É nesta linha que S. Basílio Magno (de Cesareia Mazaca, Capadócia; 329-379 dC; CLICAR AQUI) se situa aquando da Homilia 6ª sobre a frase «Deito abaixo os meus celeiros, construo uns maiores e guardarei lá o meu trigo e todos os meus bens.» (Lc 12:18)

«Homem, inteira-te de quem é aquilo que te calhou em sorte! Lembra-te de ti mesmo: quem eras e que bens agora administras, de quem os recebeste, porquê foste tu o preferido para os administrares? Foste constituído ministro dum Deus liberalíssimo, foste constituído em administrador dos bens dos teus irmãos. Não penses que tudo isso se destina ao teu ventre. Dispõe do que possuis como coisa alheia. As riquezas, uma vez alcançadas, deleitam; ao usarem-se, dissipam-se como fumo: delas terás de prestar contas muito rigorosas.» [2.]

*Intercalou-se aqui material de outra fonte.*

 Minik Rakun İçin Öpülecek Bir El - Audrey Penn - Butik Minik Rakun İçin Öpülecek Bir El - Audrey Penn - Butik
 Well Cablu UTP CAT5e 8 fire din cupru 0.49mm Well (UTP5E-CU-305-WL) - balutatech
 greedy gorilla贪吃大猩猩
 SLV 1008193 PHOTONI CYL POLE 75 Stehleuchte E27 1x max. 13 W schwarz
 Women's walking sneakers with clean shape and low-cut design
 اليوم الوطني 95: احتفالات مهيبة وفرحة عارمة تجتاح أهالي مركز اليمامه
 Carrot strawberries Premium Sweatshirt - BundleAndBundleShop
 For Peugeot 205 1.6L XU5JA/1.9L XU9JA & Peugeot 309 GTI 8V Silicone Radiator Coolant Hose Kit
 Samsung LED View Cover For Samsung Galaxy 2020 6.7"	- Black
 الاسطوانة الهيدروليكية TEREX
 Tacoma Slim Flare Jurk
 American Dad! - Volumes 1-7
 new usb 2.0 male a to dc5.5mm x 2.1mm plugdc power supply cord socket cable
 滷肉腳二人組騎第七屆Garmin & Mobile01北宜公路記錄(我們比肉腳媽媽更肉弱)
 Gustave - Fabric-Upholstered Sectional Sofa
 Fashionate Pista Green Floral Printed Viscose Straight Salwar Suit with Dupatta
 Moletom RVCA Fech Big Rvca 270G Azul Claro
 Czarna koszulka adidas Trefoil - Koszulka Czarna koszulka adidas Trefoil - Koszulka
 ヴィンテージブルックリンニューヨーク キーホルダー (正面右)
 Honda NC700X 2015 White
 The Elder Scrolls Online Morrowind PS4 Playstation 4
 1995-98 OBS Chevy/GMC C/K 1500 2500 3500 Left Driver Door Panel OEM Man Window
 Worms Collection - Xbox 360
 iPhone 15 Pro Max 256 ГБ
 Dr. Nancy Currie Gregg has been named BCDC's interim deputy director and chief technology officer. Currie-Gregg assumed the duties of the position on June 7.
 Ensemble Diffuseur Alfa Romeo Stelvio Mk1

«Diz o avarento: − Porventura injurio eu alguém só por querer para mim o que é meu? – Mas, diz-me: o que é que é teu? Donde trouxeste à existência isso que recebeste? Como se um espectador, por ter ocupado um lugar no teatro, pudesse impedir a entrada dos demais só por pensar ser apenas seu aquilo que foi criado para uso de todos: assim se comportam os ricos. Por fazerem, dos bens comuns de que eles se ocuparam primeiro, bens próprios apenas pela simples razão de terem sido eles os primeiros a tomá-los.» (…) «Porventura, não saíste do ventre da tua mãe nu? E não serás recebido, pela terra, desnudado, no seu seio?» (…) «O pão que arrecadas é propriedade do faminto». [7.]

Verter estes valores (esta espiritualidade) para um comportamento (inter-pessoal ou politico-institucional) acarretaria uma verdadeira revolução política abrangente, incompatível com mera distribuição de excedentes ou com o desdém e a perseguição a que politicamente são votados os estratos mais desfavorecidos da nossa sociedade nos tempos de crise que atravessamos.

Moldar a Igreja católica à luz desta espiritualidade constituiria, verdadeiramente, uma «Nova Evangelização».

O que é que, de novo, temos de propor para que a política seja mais justa e a Igreja católica seja a Casa duma Boa-Notícia?